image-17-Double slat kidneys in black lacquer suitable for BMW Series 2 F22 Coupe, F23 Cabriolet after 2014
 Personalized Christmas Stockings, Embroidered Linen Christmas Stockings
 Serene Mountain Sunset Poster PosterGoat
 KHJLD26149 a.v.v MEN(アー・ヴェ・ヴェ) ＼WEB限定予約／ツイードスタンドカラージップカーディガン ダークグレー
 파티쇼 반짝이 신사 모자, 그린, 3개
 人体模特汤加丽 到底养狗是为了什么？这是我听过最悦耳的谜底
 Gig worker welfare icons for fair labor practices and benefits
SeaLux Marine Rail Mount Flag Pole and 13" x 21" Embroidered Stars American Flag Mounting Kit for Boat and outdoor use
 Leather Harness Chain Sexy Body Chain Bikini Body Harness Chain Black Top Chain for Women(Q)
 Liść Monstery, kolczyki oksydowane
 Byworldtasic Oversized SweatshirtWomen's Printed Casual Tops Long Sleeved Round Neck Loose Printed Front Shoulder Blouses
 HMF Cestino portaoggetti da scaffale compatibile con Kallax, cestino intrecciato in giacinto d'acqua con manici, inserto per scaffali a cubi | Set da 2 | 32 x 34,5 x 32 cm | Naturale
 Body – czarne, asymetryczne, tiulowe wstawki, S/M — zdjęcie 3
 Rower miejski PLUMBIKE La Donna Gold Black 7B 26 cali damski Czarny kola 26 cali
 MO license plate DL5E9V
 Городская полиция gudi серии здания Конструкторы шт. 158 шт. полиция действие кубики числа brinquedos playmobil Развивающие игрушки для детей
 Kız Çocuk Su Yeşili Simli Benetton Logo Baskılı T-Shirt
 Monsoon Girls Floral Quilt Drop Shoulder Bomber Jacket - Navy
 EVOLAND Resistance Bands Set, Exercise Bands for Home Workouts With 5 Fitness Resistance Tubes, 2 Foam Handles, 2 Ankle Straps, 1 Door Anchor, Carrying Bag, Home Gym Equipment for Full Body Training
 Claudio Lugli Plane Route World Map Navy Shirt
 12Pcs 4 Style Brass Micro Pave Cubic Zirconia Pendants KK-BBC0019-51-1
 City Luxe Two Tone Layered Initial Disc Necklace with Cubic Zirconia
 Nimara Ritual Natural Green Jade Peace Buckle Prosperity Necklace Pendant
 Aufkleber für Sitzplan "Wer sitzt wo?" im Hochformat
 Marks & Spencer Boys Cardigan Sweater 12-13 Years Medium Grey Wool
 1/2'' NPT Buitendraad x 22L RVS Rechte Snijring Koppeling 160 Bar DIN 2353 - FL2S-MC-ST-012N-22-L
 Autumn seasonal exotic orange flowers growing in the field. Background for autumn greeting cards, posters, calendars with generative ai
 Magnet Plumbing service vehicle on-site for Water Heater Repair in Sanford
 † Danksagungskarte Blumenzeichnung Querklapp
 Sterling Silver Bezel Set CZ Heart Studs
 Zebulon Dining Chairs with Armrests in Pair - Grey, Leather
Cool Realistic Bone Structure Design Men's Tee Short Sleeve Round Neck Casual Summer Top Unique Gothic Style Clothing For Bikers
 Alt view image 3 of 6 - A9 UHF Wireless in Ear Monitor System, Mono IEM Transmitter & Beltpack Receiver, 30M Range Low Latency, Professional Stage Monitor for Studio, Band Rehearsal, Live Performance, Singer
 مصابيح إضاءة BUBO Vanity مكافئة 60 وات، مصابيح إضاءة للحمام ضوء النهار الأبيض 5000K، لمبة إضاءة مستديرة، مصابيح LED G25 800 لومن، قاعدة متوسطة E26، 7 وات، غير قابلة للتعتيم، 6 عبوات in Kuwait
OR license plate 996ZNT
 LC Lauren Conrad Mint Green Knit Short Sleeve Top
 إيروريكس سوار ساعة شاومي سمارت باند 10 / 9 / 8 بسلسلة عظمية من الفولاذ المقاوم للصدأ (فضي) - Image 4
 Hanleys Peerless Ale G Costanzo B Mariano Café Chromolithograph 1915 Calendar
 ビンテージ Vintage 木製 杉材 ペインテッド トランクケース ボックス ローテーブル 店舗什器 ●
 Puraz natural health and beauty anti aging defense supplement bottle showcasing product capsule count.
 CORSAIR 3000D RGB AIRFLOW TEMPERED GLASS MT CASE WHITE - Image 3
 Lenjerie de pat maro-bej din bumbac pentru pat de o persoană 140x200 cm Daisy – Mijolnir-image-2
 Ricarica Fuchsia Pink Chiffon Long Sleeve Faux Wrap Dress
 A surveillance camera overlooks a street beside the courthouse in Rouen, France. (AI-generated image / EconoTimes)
※
Task requirements
Reproduce all of the listing, exactly as given.

Result below
image-17-Double slat kidneys in black lacquer suitable for BMW Series 2 F22 Coupe, F23 Cabriolet after 2014
 Personalized Christmas Stockings, Embroidered Linen Christmas Stockings
 Serene Mountain Sunset Poster PosterGoat
 KHJLD26149 a.v.v MEN(アー・ヴェ・ヴェ) ＼WEB限定予約／ツイードスタンドカラージップカーディガン ダークグレー
 파티쇼 반짝이 신사 모자, 그린, 3개
 人体模特汤加丽 到底养狗是为了什么？这是我听过最悦耳的谜底
 Gig worker welfare icons for fair labor practices and benefits
SeaLux Marine Rail Mount Flag Pole and 13" x 21" Embroidered Stars American Flag Mounting Kit for Boat and outdoor use
 Leather Harness Chain Sexy Body Chain Bikini Body Harness Chain Black Top Chain for Women(Q)
 Liść Monstery, kolczyki oksydowane
 Byworldtasic Oversized SweatshirtWomen's Printed Casual Tops Long Sleeved Round Neck Loose Printed Front Shoulder Blouses
 HMF Cestino portaoggetti da scaffale compatibile con Kallax, cestino intrecciato in giacinto d'acqua con manici, inserto per scaffali a cubi | Set da 2 | 32 x 34,5 x 32 cm | Naturale
 Body – czarne, asymetryczne, tiulowe wstawki, S/M — zdjęcie 3
 Rower miejski PLUMBIKE La Donna Gold Black 7B 26 cali damski Czarny kola 26 cali
 MO license plate DL5E9V
 Городская полиция gudi серии здания Конструкторы шт. 158 шт. полиция действие кубики числа brinquedos playmobil Развивающие игрушки для детей
 Kız Çocuk Su Yeşili Simli Benetton Logo Baskılı T-Shirt
 Monsoon Girls Floral Quilt Drop Shoulder Bomber Jacket - Navy
 EVOLAND Resistance Bands Set, Exercise Bands for Home Workouts With 5 Fitness Resistance Tubes, 2 Foam Handles, 2 Ankle Straps, 1 Door Anchor, Carrying Bag, Home Gym Equipment for Full Body Training
 Claudio Lugli Plane Route World Map Navy Shirt
 12Pcs 4 Style Brass Micro Pave Cubic Zirconia Pendants KK-BBC0019-51-1
 City Luxe Two Tone Layered Initial Disc Necklace with Cubic Zirconia
 Nimara Ritual Natural Green Jade Peace Buckle Prosperity Necklace Pendant
 Aufkleber für Sitzplan "Wer sitzt wo?" im Hochformat
 Marks & Spencer Boys Cardigan Sweater 12-13 Years Medium Grey Wool
 1/2'' NPT Buitendraad x 22L RVS Rechte Snijring Koppeling 160 Bar DIN 2353 - FL2S-MC-ST-012N-22-L
 Autumn seasonal exotic orange flowers growing in the field. Background for autumn greeting cards, posters, calendars with generative ai
 Magnet Plumbing service vehicle on-site for Water Heater Repair in Sanford
 † Danksagungskarte Blumenzeichnung Querklapp
 Sterling Silver Bezel Set CZ Heart Studs
 Zebulon Dining Chairs with Armrests in Pair - Grey, Leather
Cool Realistic Bone Structure Design Men's Tee Short Sleeve Round Neck Casual Summer Top Unique Gothic Style Clothing For Bikers
 Alt view image 3 of 6 - A9 UHF Wireless in Ear Monitor System, Mono IEM Transmitter & Beltpack Receiver, 30M Range Low Latency, Professional Stage Monitor for Studio, Band Rehearsal, Live Performance, Singer
 مصابيح إضاءة BUBO Vanity مكافئة 60 وات، مصابيح إضاءة للحمام ضوء النهار الأبيض 5000K، لمبة إضاءة مستديرة، مصابيح LED G25 800 لومن، قاعدة متوسطة E26، 7 وات، غير قابلة للتعتيم، 6 عبوات in Kuwait
OR license plate 996ZNT
 LC Lauren Conrad Mint Green Knit Short Sleeve Top
 إيروريكس سوار ساعة شاومي سمارت باند 10 / 9 / 8 بسلسلة عظمية من الفولاذ المقاوم للصدأ (فضي) - Image 4
 Hanleys Peerless Ale G Costanzo B Mariano Café Chromolithograph 1915 Calendar
 ビンテージ Vintage 木製 杉材 ペインテッド トランクケース ボックス ローテーブル 店舗什器 ●
 Puraz natural health and beauty anti aging defense supplement bottle showcasing product capsule count.
 CORSAIR 3000D RGB AIRFLOW TEMPERED GLASS MT CASE WHITE - Image 3
 Lenjerie de pat maro-bej din bumbac pentru pat de o persoană 140x200 cm Daisy – Mijolnir-image-2
 Ricarica Fuchsia Pink Chiffon Long Sleeve Faux Wrap Dress
 A surveillance camera overlooks a street beside the courthouse in Rouen, France. (AI-generated image / EconoTimes)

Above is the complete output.